WHAT IS NEEDED: Check every line of the entries below for the word "length". Then give the number of lines that have it, with nothing added.

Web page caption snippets

-----

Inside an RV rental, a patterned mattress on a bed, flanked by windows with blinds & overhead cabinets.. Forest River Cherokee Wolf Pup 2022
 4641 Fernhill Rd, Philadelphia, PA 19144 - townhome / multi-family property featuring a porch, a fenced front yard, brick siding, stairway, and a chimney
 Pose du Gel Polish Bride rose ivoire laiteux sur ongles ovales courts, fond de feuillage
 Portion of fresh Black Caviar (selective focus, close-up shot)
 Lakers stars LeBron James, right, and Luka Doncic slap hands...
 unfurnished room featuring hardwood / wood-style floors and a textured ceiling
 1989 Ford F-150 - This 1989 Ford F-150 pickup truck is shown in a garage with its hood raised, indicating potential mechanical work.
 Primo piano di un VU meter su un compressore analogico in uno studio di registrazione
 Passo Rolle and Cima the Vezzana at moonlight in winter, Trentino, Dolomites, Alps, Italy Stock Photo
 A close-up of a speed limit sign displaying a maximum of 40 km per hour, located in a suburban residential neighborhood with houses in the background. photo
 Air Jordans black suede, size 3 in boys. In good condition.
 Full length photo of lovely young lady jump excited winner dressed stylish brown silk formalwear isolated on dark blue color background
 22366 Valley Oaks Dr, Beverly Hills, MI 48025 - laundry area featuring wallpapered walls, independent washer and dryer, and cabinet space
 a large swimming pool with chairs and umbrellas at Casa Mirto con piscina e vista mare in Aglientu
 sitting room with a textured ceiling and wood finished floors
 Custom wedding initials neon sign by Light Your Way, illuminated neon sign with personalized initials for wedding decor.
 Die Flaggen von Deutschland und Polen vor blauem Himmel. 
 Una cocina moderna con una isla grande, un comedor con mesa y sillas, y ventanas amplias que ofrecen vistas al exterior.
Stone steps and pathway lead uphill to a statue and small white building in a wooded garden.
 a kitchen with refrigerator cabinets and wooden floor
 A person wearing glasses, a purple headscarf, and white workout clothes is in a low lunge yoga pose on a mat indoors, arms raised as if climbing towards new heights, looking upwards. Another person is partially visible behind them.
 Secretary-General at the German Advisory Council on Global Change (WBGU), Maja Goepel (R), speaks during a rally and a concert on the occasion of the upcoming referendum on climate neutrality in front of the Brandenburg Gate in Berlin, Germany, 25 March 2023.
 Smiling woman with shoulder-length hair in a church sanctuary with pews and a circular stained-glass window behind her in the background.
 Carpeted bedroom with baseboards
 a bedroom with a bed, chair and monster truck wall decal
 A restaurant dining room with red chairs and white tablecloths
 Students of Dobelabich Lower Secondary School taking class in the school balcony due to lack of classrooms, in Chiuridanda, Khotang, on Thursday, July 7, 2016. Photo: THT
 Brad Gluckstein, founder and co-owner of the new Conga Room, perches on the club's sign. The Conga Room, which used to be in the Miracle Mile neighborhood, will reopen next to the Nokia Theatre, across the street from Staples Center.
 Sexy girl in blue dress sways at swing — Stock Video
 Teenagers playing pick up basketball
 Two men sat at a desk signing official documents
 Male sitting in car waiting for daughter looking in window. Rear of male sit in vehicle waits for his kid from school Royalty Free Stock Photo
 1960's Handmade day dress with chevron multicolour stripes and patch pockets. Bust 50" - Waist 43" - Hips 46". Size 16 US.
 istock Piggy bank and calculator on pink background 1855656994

-----

SOLVED EXERCISE: 2